Captain Fitz-Roy was a man of decision: he knew just where he wanted to go, and what there was to do. He was to measure and map dreary wastes of tossing tide, and to do the task so accurately that it would never have to be done again: his maps were to remain forever a solace, a safety and a security to the men who go down to the sea in ships.

England has certainly produced men—and Fitz-Roy was one of them. Fitz-Roy is now known to us, not for his maps which have passed into the mutual wealth of the world, but because he took on this trip, merely as an afterthought, a volunteer naturalist.

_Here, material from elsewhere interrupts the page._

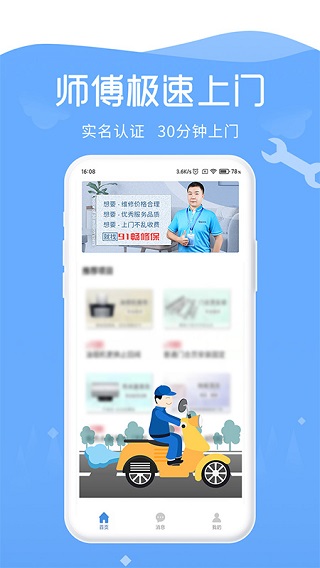 91畅修保师傅端4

Before the "Beagle" sailed, Captain Fitz-Roy and young Mr. Darwin went down to Portsmouth, and the Captain showed him the ship. The Captain took pains to explain the worst. It was to be at least two years of close, unremitting toil. It was no pleasure-excursion—there were no amusements provided, no cards, no wine on the table; the fare was to be simple in the extreme. This way of putting the matter was most attractive to Darwin—Fitz-Roy became a hero in his eyes at once. The Captain's manner inspired much confidence—he was a man who did not have to be amused or cajoled. "You will be left alone to do your work," said Fitz-Roy to Darwin, "and I must have the cabin to myself when I ask for it." And that settled it. Life aboard ship is like life in jail. It means freedom, freedom from interruption—you have your evenings to yourself, and the days as well. Darwin admired every man on board the ship, and most of all, the man who selected them, and so wrote home to his sisters. He admired the men because each was intent on doing his work, and each one seemed to assume that his own particular work was really the most important.